A reader for Cantonese CHAT corpus data.

This class wraps a Rust-backed CHAT parser and provides Cantonese-specific functionality such as Jyutping extraction, character-level access, and corpus search.

Attributes:

file_paths: The file paths.
n_files: The number of files.

Methods

`ages`()	Return the ages.
`append`(other)	Append another CHAT object's data.
`characters`(*[, by_utterance, by_file])	Return the data in individual Chinese characters.
`extend`(others)	Extend with data from multiple CHAT objects.
`filter`(*[, participants, files])	Filter the data by participants and/or files.
`from_dir`(path, *[, match, extension, ...])	Read CHAT data from a directory.
`from_files`(paths, *[, parallel, strict])	Read CHAT data from file paths.
`from_strs`(strs, *[, ids, parallel, strict])	Read CHAT data from strings.
`from_utterances`(utterances)	Construct a CHAT reader from a list of utterances.
`from_zip`(path, *[, match, extension, ...])	Read CHAT data from a ZIP file.
`head`([n])	Return the first n utterances with a formatted display.
`headers`()	Return the headers.
`info`([verbose])	Print summary information.
`jyutping`(*[, by_utterance, by_file])	Return the data in Jyutping romanization.
`languages`(*[, by_file])	Return the languages.
`participants`(*[, by_file])	Return the participants.
`search`(*[, onset, nucleus, coda, tone, ...])	Search the data for the given criteria.
`tail`([n])	Return the last n utterances with a formatted display.
`to_chat`(path, *[, is_dir, filenames])	Write the data to CHAT file(s).
`to_strs`()	Return the data as CHAT-formatted strings.
`tokens`(*[, by_utterance, by_file])	Return the tokens.
`utterances`(*[, by_file])	Return the utterances.
`word_ngrams`(n)	Return word n-grams across all utterances.
`words`(*[, by_utterance, by_file])	Return the words.

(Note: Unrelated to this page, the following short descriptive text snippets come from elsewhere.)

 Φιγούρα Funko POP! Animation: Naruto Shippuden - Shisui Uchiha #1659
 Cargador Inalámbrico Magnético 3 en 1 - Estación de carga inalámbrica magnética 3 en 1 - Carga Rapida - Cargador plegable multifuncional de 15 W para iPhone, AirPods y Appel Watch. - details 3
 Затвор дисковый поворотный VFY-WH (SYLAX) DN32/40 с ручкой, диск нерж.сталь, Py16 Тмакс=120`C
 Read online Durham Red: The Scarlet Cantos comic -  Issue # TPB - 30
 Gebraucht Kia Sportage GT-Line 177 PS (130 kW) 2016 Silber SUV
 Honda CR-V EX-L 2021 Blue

ages()[source]: Return the ages.

append(other)[source]: Append another CHAT object’s data.

characters(*, by_utterance=False, by_file=False) → list[str] | list[list[str]] | list[list[list[str]]][source]

Return the data in individual Chinese characters.

Parameters:

by_utterancebool, optional: If True, return characters grouped by utterance.
by_filebool, optional: If True, return characters grouped by file.

Returns:

list

extend(others)[source]: Extend with data from multiple CHAT objects.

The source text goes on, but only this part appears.